Constantly feeling worried or anxious about everyday things, often with no apparent reason or cause. Your doctor will diagnose a generalised anxiety disorder if you have been worrying for more than 6 months and are unable to control it.
Another common symptom of anxiety is restlessness, which can especially be seen in children and teens. When someone is restless, they may often feel an uncomfortable urge to move.
Feeling tired or exhausted even after getting a good night's sleep is also a potential symptom of generalised anxiety disorder.
Difficulty focusing or paying attention and often feeling easily distracted are other symptoms of anxiety. Anxiety can interrupt working memory and decrease performance in people who experience high levels of anxiety.
Feeling easily annoyed or frustrated, even over small things. People with anxiety can also experience excessive irritability in their daily lives.
Having tense muscles most of the time can be linked to anxiety. Muscle tension can increase feelings of anxiety, and vice versa.
Sleep disturbance and anxiety are interlinked. Treating the underlying anxiety can improve your sleep.

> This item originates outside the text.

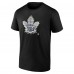 Футболка Toronto Maple Leafs Personalized Midnight Mascot Logo - Black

People with anxiety disorders can experience sudden feelings of intense fear, often accompanied by physical symptoms like chest pain, shortness of breath, or dizziness.
You may be suffering from social anxiety disorder if you fear or feel anxious about any upcoming social situations, are worried if someone will judge or scrutinise you, or fear being embarrassed or humiliated in front of others.
Certain physical symptoms of anxiety include headaches, stomach aches, sweating, and trembling or shaking, often without any underlying medical condition.